Expert will sich behaupten - bald auch auf eBay
Während die Verbundgruppen-Wettbewerber EP und Euronics beim Umsatz in den letzten Jahren zurückgefallen sind, gefiel sich Expert in der Rolle des wachstumsstarken Akteurs, der sein Marktgewicht auch gegenüber der Industrie in die Waagschale werfen konnte, um sich attraktive Einkaufskonditionen zu sichern. Nun stottert der Wachstumsmotor der Verbundgruppe. Zwar konnte man sich im Umfeld der Fußball-EM und dank der beliebten Werbeaktion mit Rudi Völler um drei Prozent steigern, doch für das Gesamtjahr erwartet die Expert-Führung ein stagnierendes Geschäft. Gleichzeitig drängen neue Wettbewerber auf den Markt. Expert-Vorstandssprecher Müller nannte hier explizit den Schweizer Online-Primus Galaxus, der seine mit hohen Kosten behaftete Deutschlandexpansion gerade bis 2029 gesichert hat, sowie den niederländischen Omnichannel-Händler Coolblue, der angekündigt hat, in Deutschland 36 Stores eröffnen zu wollen. "Wenn solche Unternehmen mit Vehemenz in den deutschen Markt drängen, sind alle davon betroffen. Es wird in das Preisniveau investiert und somit die Gewinnspanne vermindert - davon kann man sich nicht freimachen", erklärte Müller.
Expert steht unter Druck, sich zu behaupten und vielleicht ist auch das ein Grund, warum die Verbundgruppe im Sommer angekündigt hat, auch auf Online-Marktplätzen zu verkaufen. Zwar wählte man zum Einstieg nur die eher kleine Online-Plattform von Kaufland, doch innerhalb von Expert gab es an dieser Strategie dennoch bereits Kritik. Selbst im Marktplatzgeschäft aktive Expert-Mitglieder wie der Onlinehändler Deltatecc befürchten, dass es der Verbundgruppe an der für das Plattform-Business nötigen Erfahrung fehle und dass es durch die Marktplatzangebote der Zentrale zu Konkurrenz innerhalb der Verbundgruppe komme. Auch auf der Expert-Hauptversammlung hat der Vorstand der Verbundgruppe seine Marktplatzstrategie verteidigt und angekündigt, dass möglichst bald mit eBay die zweite, wesentlich größere Plattform angeschlossen werden soll. "Bis zur Hauptversammlung haben wir das leider nicht geschafft, wir hoffen, dass wir aber noch diese Jahr auf eBay starten", erklärte Stefan Müller. Was die Kritik aus den eigenen Reihe betrifft, gab sich der Expert-Vorstandschef gelassen: "Ähnliche Kritik gab es auch als wir unseren zentralen Onlineshop gestartet haben. Doch dann haben wir allen gezeigt, dass wir das gut machen können. Auch bei den Marktplätzen gilt, dass wir unseren eigenen Mitgliedern keinen Wettbewerb machen wollen und jedes Geschäft weiterhin seine Preisstruktur festlegt." Die ersten Monate auf dem Kaufland-Marktplatz hätten bereits gute Erfahrungen geliefert: "Wir erzielen auf dem Marktplatz ein höheres Preisniveau als im Onlineshop. Auch deshalb denken wir, dass Marktplätze eine gute Erweiterung für unsere Aktivitäten sind."
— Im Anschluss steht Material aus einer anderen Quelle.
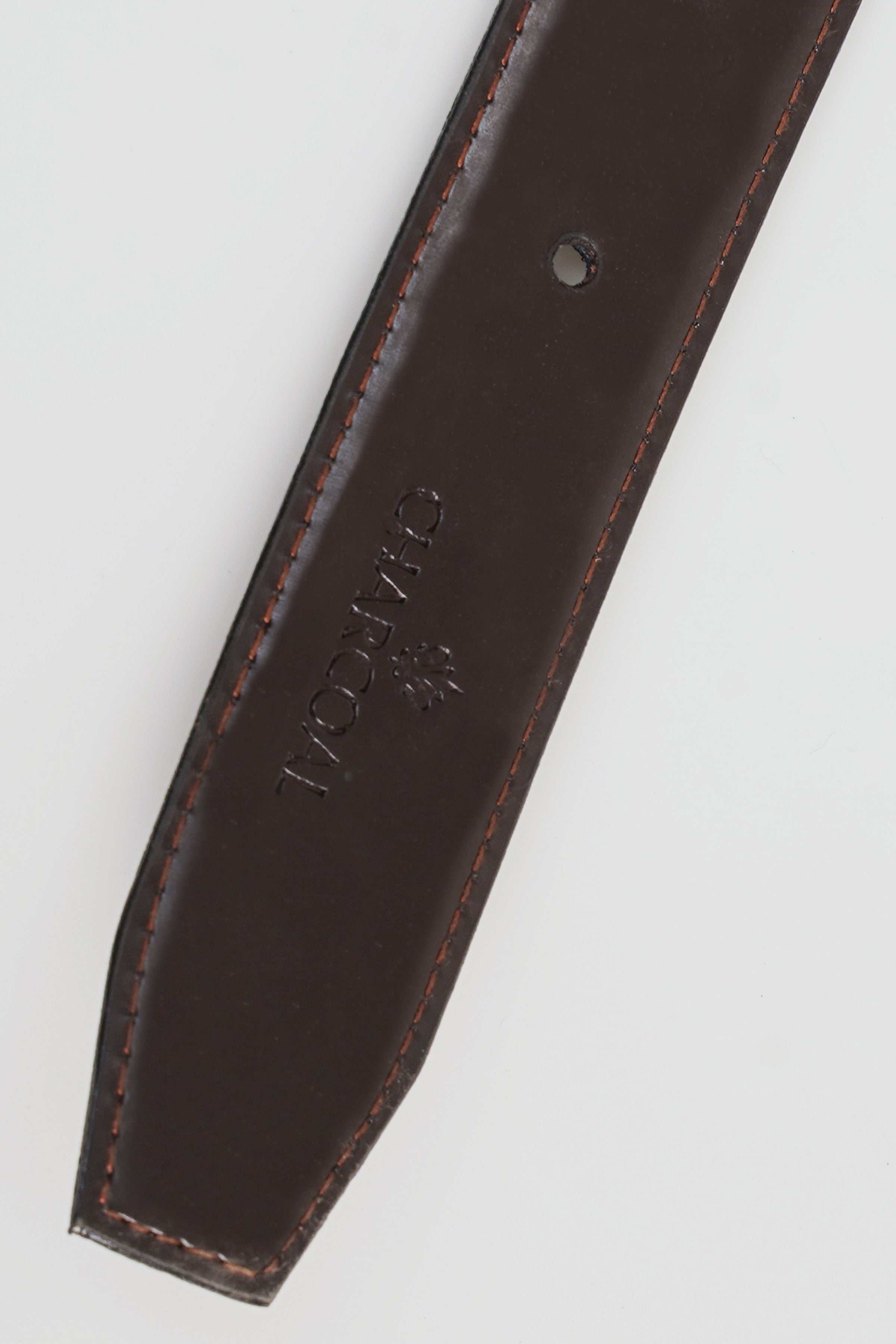Brown leather belt strap with embossed logo detail and contrast stitching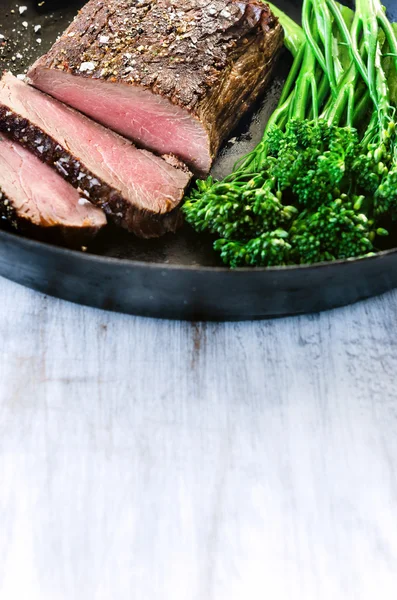 Saftiges Steak auf schwarzer Pfanne mit frischem grünen Gemüse — Stockfoto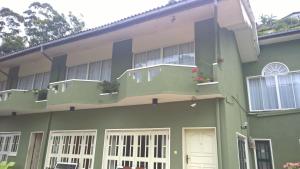 a green and white building with a balcony at AMARASINGHE GUEST HOUSE in Haputale
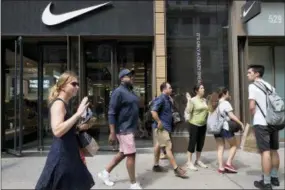  ?? MARK LENNIHAN — THE ASSOCIATED PRESS ?? People pass a Nike store in New York, Tuesday. An endorsemen­t deal between Nike and Colin Kaepernick is prompting a flood of debate online as sports fans react to the apparel giant backing an athlete known mainly for starting a wave of protests among NFL players of police brutality, racial inequality and other social issues.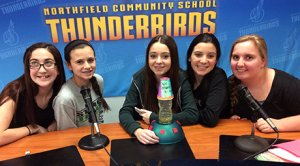 Five girls are sitting at a table with microphones behind a backdrop that says, 'Northfield Community School Thunderbirds.'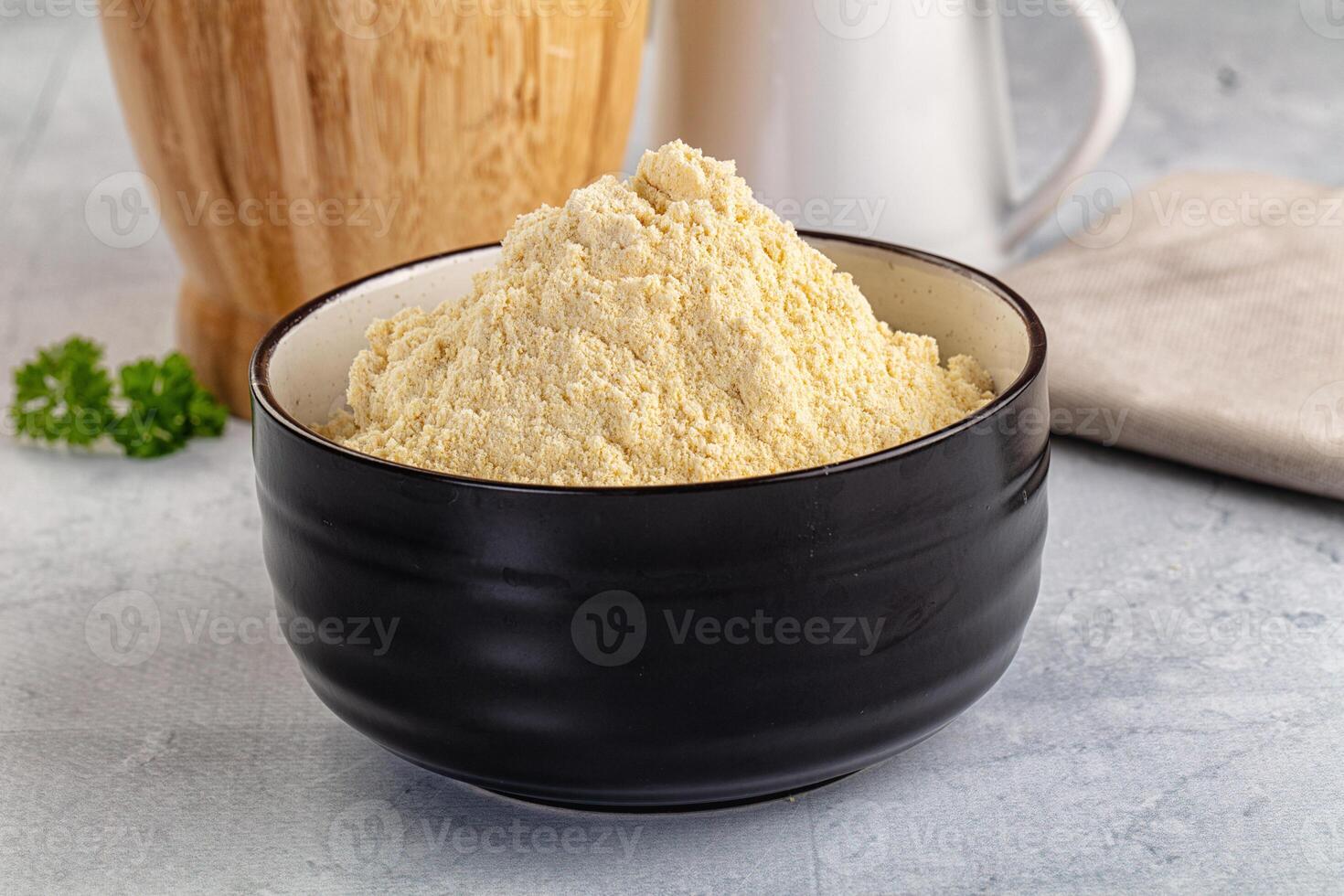 A bowl of yellow powder next to a cup of milk photo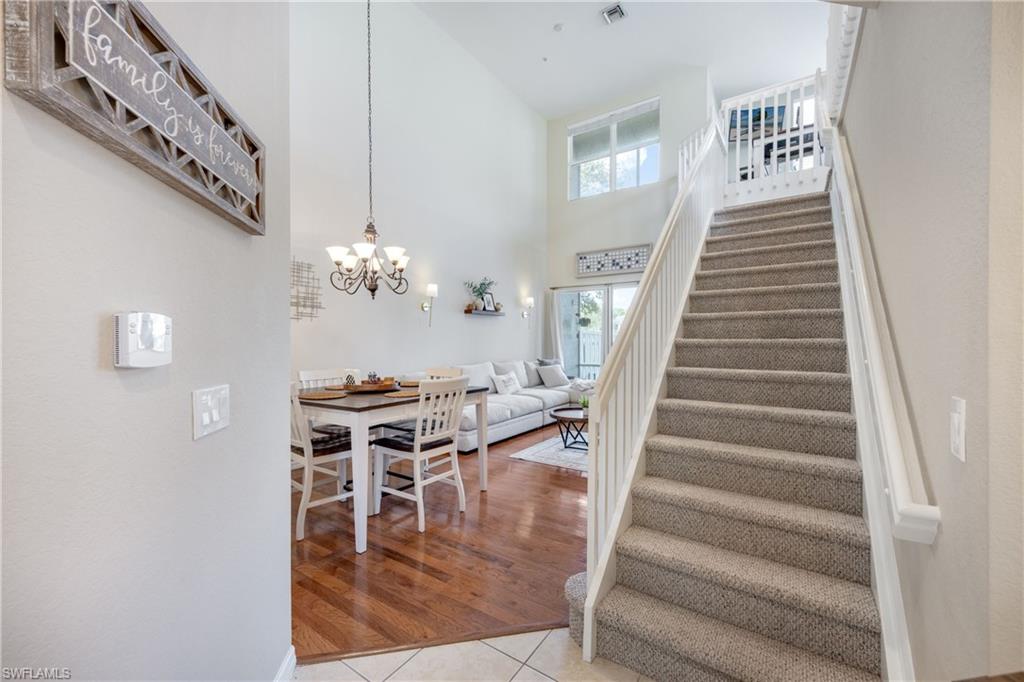Stairs with a towering ceiling, tile patterned flooring, and a chandelier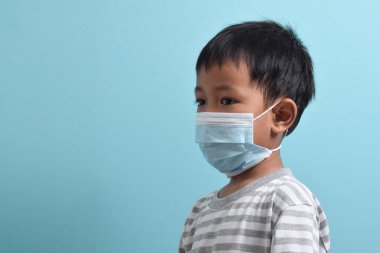 Sağlık maskesi takan Asyalı çocuk mavi arka planda izole edilmiş. Tıbbi ve sağlık konsepti. İnsan nüfusu virüsleri, enfeksiyonlar, grip hastalıklarının önlenmesi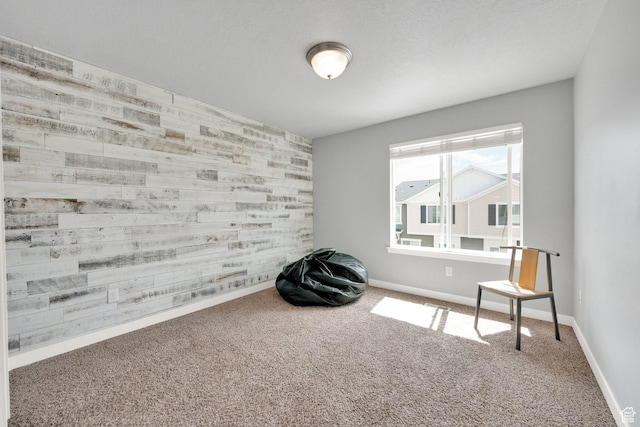 unfurnished room featuring baseboards and carpet flooring
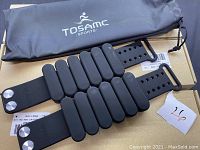 Set of six black Tosamc Sports exercise body weights laid out on boxes with a black carrying pouch in background.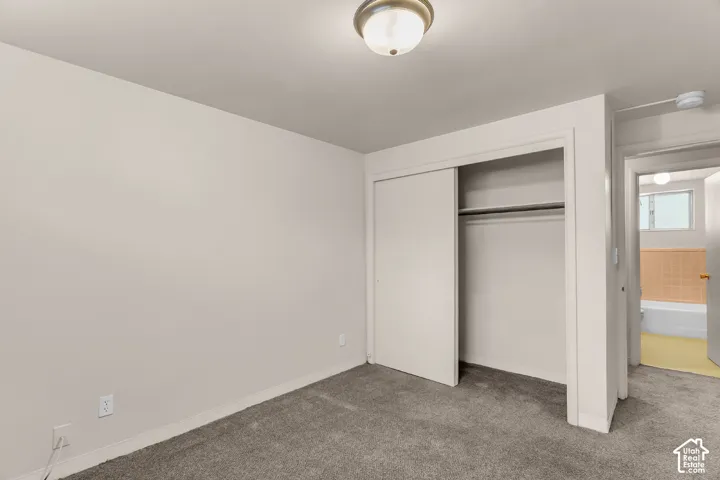 Carpeted flooring, recessed lighting, and a closet with sliding doors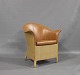 Lounge chair in paper cord and upholstered in Brown leather by Sika Design.5000m2 showroom.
Neue Ideen im Messebereich
Wie üblich war die Expert-Hauptversammlung sowohl von der traditionellen Abendveranstaltung mit Ehrung von verdienten Mitgliedern und Industriepartnern begleitet, wie auch von einer Handelsmesse in der Göttinger Lokhalle. Hier präsentierte Expert in diesem Jahr einige Neuigkeiten, die vor allem das Angebot in den stationären Märkten bereichern sollen. So bietet Expert nun auch einige Küchenmodelle an, die von den Händlern nicht nur zur Präsentation von Geräten genutzt werden können, sondern im Erfolgsfall auch Expert den Einstieg in das Küchensegment ermöglichen sollen. Außerdem widmete die Verbundgruppe einen Teil der Ausstellungsfläche dem Aufbau eines Muster-Fachmarkts, um so zu demonstrieren, welche neuen Impulse die Zentrale für den Point of Sale entwickelt hat. "Das Konzept ist bei Gesellschaftern und Industrie auf gute Resonanz gestoßen und so werden wir es wohl künftig weiter ausbauen - auch um den Ausstellern so kurz nach der IFA eine weniger aufwändige Beteiligung zu ermöglichen", erklärte Expert-Vorstandschef Müller.